At the Culinary Institute, students (like yours truly at one time) have to pass one final cooking practical to graduate. And of course a temperamental sauce like hollandaise is on the menu. So I thought I'd share the finer points of how to make hollandaise sauce, for those special occasions that warrant crafting it at home. Because I rarely order it at a restaurant for one reason, and one reason only.
The sauce is made hours before guests arrive, and sits waiting in a thermos to be served lukewarm at best. Not edible times if you know what I mean. Or the best way to enjoy eggs Benedict on a Sunday morning. But since hollandaise is a simple emulsion of egg yolks and butter, a little bit of know how takes you far.
The formula for hollandaise sauce
Whether whipped up by an award-winning chef or a home cook, the basic recipe for hollandaise sauce is the same. Like all of cooking and baking, the ratios of ingredients for a successful sauce are inflexible. It's proper technique that produces a successful sauce. So please don't be fooled by headlines like "The BEST hollandaise sauce recipe ever!".
The tried and true, unyielding, inflexible formula is:
Hollandaise Sauce = 3 egg yolks + 8 ounces of butter
Create flavor with lemon juice, a herb reduction and of course salt. But that's it. Egg yolks and butter whisked until thickened and ribboned. Done and delicious. Even keto!
How to make hollandaise sauce
Success relies on awareness, and a properly heated double boiler. However, even seasoned professional cooks break the sauce - or curdle the eggs - by not heeding the warning signs .
How to keep hollandaise from breaking (curdling)
- The sauce becomes too thick in the bowl (sauce doesn't flow off the whisk)
- Less than 120° F
- More than 140° F
So when slowly whisking heated butter into warm, foamed egg yolks, add a tablespoon of warm water if it gets too thick. To keep it the right temperature, have a second pot lined with a towel on the counter (to steady while whisking), and move the bowl on and off the heat every minute or so.
A thermometer can be your friend in the beginning, but you're better off training your eyes. Because knowing what to look for is better than trying to temp a sauce... while holding a hot double-boiler with one hand and a whisk with the other.
How to fix hollandaise if it breaks
If your sauce breaks anyway - DON'T PANIC! Just crack another egg yolk into a new bowl, place over the simmering water, and SLOWLY whisk in the broken sauce. Or throw in the towel and buzz it up nice and smooth in a blender.
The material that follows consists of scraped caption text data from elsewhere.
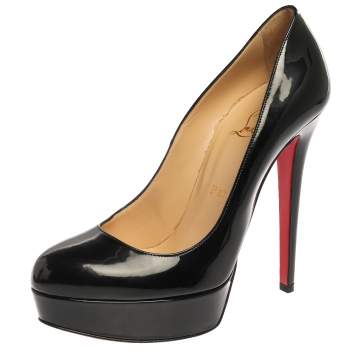 Pre Owned Christian Louboutin Black Patent Leather Bianca Pumps Size 38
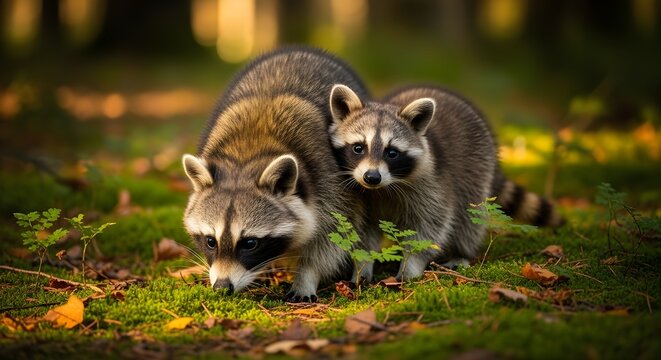Dos adorables mapaches beb&eacute;s miran hacia adelante en un entorno forestal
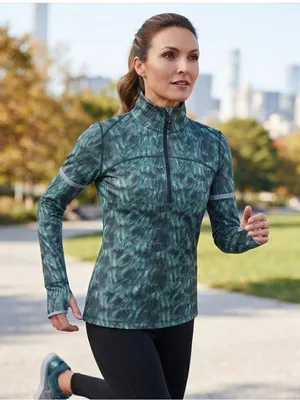 Shape Activewear Half Zip Pullover Athletic Top Long Sleeve Blue Feather‎ s thumbnail 1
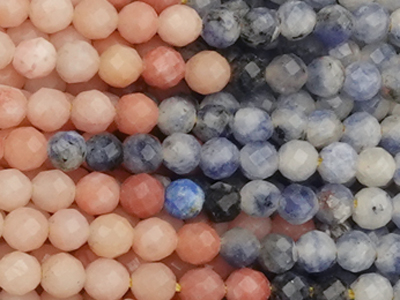 diverse Steinperlen facettiert 2,5mm - Nahaufnahme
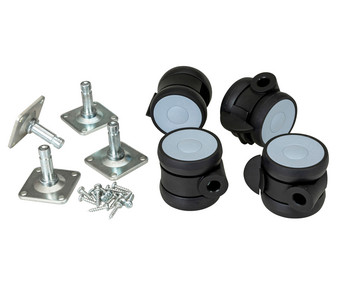Flexeo® Satz mit 4 Rollen auf Metallplatte inkl Schrauben
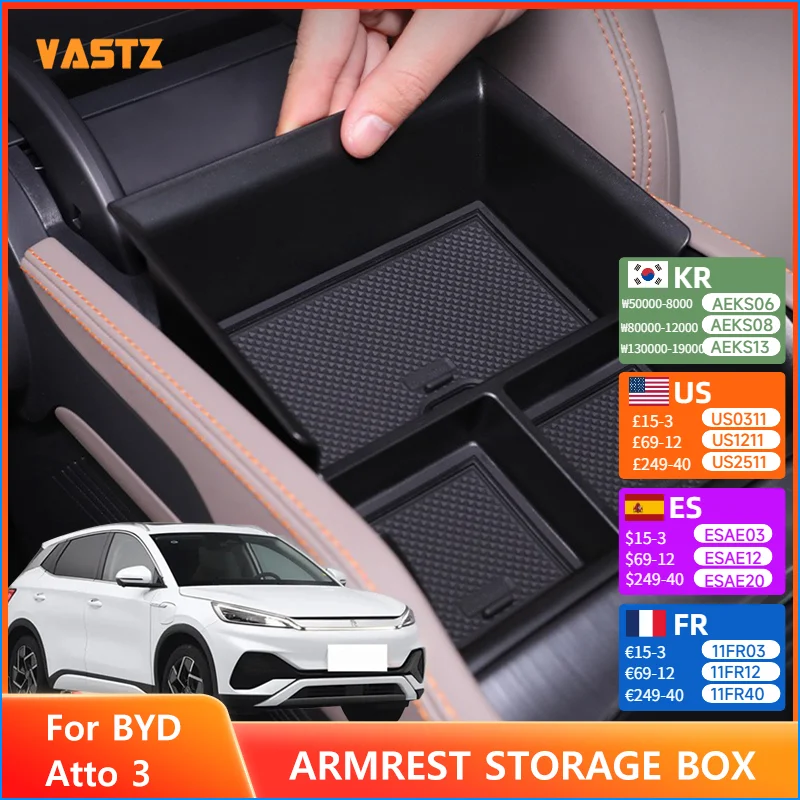 

For BYD ATTO 3 Central Control Storage Box Organizer Tray Armrest Hidden Cubby Drawer Coin Storage Box Car Accessories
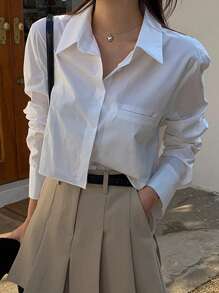 DAZY Solid Color Long Sleeve Casual Shirt,Long Sleeve Tops,Back To School Clothes Preppy Tops Fall - White - View 5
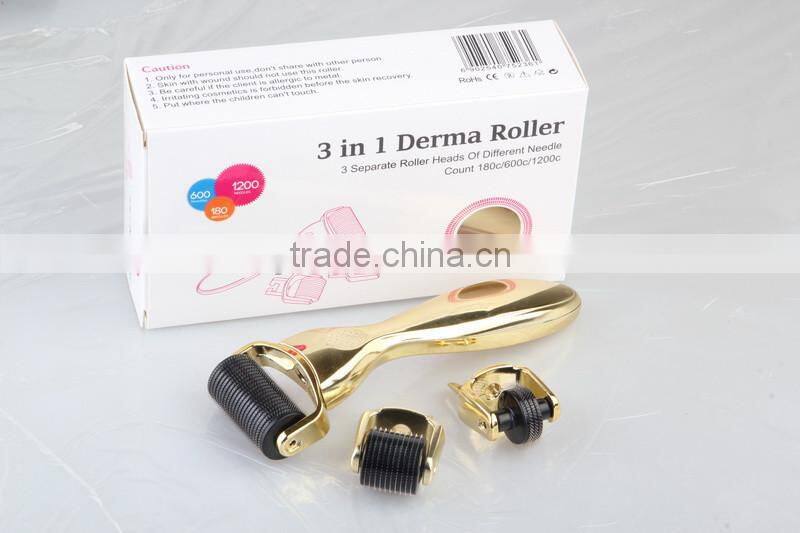 CE Approval titanium derma rolling Manufacturer skin roller system 3 IN 1 derma roller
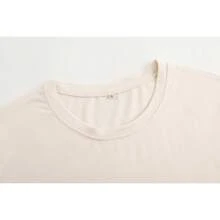 Men's 100% Cotton Soft Round Neck Short Sleeve Graphic Print T-Shirt, High-Quality Plus-Size Pure Cotton Menswear,Mens White Knitted Fabric - 杏色 - 查看 8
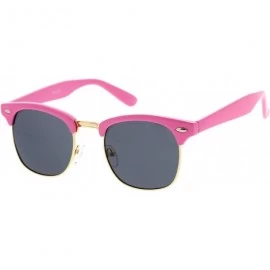 Wayfarer Premium Half Frame Metal Rivets Horn Rimmed Sunglasses 50mm - Pink-gold / Smoke - CS12O46G35L $11.85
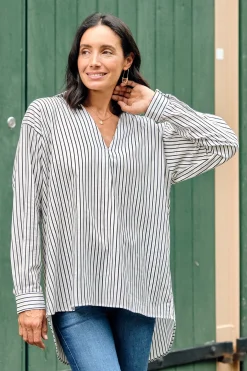 Online Carolina Lynette Collared Long Sleeve Shirt Striped Navy with Lurex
It'll take just as lovely drenching your buttery English muffins and over-easy eggs. Because pouched eggs are one thing I never cook at home.
Yours in #brunchsohard,Print
To add a savory depth of flavor to your hollandaise, simmer up a quick reduction of vinegar and spices. To get right down to a classic version, use lemon juice instead.
For paleo hollandaise, use ghee instead of butter. It's dairy-free as the milk solids are removed.
- 2 tbsp white wine reduction or lemon juice
- 2 egg yolks
- 6 ounces butter or ghee (clarified butter), unsalted, melted and keep very warm
- 1-2 tbsp hot water (as hot as the tap will give you)
- few pinches of salt, to your taste
- 1 cup dry white wine or white wine vinegar
- 3 sprigs fresh thyme
- 2 tbsp black peppercorns, whole
- 1 small shallot, minced
Prepare Reduction (or use
- Combine ingredients in a shallow pan and simmer on medium-high heat until liquid is reduced to a quarter cup.
- Strain out aromatics and cool slightly.
To Make Sauce
- Combine 2 tablespoons of reduction (or lemon juice) with 2 egg yolks in heat-proof bowl.
- Melt butter in a separate dish or small pot and keep warm over low heat.
- Make ready off the heat: a second pot lined with a kitchen towel, and a measuring glass with warm water.
- Over medium heat bring an inch of water to simmer in a small sauce pot.
- Whisk eggs with reduction or lemon juice off the heat until foamy.
- Set bowl over pot and whisk constantly until eggs double in volume. Once you can draw lines in the bowl with the whisk, you're ready for the butter.
- Off heat, slowly drizzle in warm butter to egg yolks, whisking constantly. Add warm water as needed to keep hollandaise a smooth, thick, but pourable consistency.
- Return bowl to heat to keep warm, and add lemon juice, salt and pepper. Do not over whisk once sauce is finished, simply stir gently to keep it emulsified (blended).
- Serve immediately over eggs, steaks, asparagus and more!